Let $A$ be a commutative ring. Let $M, N$ be $A$-modules and let $I\subset A$ be an ideal contained in the annihilators of $M$ and $N$, respectively. That is, $I\subset\mathrm{Ann}(M)\cap\mathrm{Ann}(N)$. Assume further that $f:M\to N$ is a $A$-linear map.
Both modules $M$ and $N$ have a canonical $A/I$-module structure given by $\bar{a}\cdot x=ax$ for every $\bar a\in A/I$, any representative $a\in\bar a$ and every $x\in M, N$. Does the $A$-linear map $f$ descend to a $A/I$-linear map via the rule
$$f(\bar a\cdot x)=f(ax)=af(x)=\bar a\cdot f(x)?$$
To me the above fact is evident but on the other hand it cannot be found in any textbook.

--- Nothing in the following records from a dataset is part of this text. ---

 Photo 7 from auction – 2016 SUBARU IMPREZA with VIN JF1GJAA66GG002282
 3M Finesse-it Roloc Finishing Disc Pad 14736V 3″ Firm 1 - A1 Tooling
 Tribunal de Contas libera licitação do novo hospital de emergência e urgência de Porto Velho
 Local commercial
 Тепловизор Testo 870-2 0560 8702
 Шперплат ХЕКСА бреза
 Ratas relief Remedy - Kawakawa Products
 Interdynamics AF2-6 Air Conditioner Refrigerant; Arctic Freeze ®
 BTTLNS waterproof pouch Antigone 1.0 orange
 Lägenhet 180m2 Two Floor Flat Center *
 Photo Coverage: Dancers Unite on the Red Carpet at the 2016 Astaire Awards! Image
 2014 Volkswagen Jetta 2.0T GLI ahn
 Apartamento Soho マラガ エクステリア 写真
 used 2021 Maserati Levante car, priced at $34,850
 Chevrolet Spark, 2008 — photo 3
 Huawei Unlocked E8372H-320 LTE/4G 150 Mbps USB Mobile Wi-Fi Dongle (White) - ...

The observation is correct. My opinion regarding the unavailability of this as a theorem is perhaps because it can be regarded as a particular case of the following:
If $M$ and $N$ are $A$-modules, $B$ an $A$-algebra, then any $A$-module map $f:M\to N$ induces a $B$-module map $f\otimes 1: M\otimes B\to N\otimes B$ such that $f(m\otimes b)=f(n)\otimes b$ for all $m\in M,n\in N,b\in B$.
In the present case, we can take $B=A/I$. Then $M\otimes (A/I)\cong M/IM\cong M$ as $A/I$-modules and a similar thing for $N$. Then $f\otimes 1$ as an $A/I$-module map from $M$ to $N$ will look like the the map that is described in the question.